RAMALLAH, June 21 (JMCC) - A Pablo Picasso masterpiece went on display in Ramallah on Monday after two years of preparations,
reports the Associated Press.
The oil painting of a woman's face, Buste de Femme, is worth $7 million and is on loan from a Dutch museum.
The art director of the Palestinian academy, Khalid Horani, said it took two years to arrange the loan. He said the painting’s journey was “a story full of details and difficulties.”
The small art school in Ramallah put in the loan request in early 2010. Normally, such inter-museum exchanges are routine and take about six months to coordinate.
“Nothing is normal over here,” Horani said. “We planned to have an art work here, but found ourselves going through all the political complications.”
Horani said the painting was flown from Amsterdam to Tel Aviv and was then escorted to Ramallah by an Israeli security company before going on display. He said the uprisings in the Arab world also postponed the artwork’s delivery.

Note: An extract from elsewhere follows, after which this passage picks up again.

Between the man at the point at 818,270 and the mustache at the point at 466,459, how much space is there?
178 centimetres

The painting is the most valuable and prestigious Western artwork ever shown in the West Bank. It is the centerpiece of the “Picasso In Palestine” exhibit in Ramallah aimed at introducing Western art to the Palestinians.
The 39 by 31 inch (100 by 80 centimeter) oil-on-canvas work — a cubist deconstruction of a woman’s face, dominated by gray hues — is the Dutch museum’s most valuable piece of art. It has traveled before to Sao Paolo, Brazil.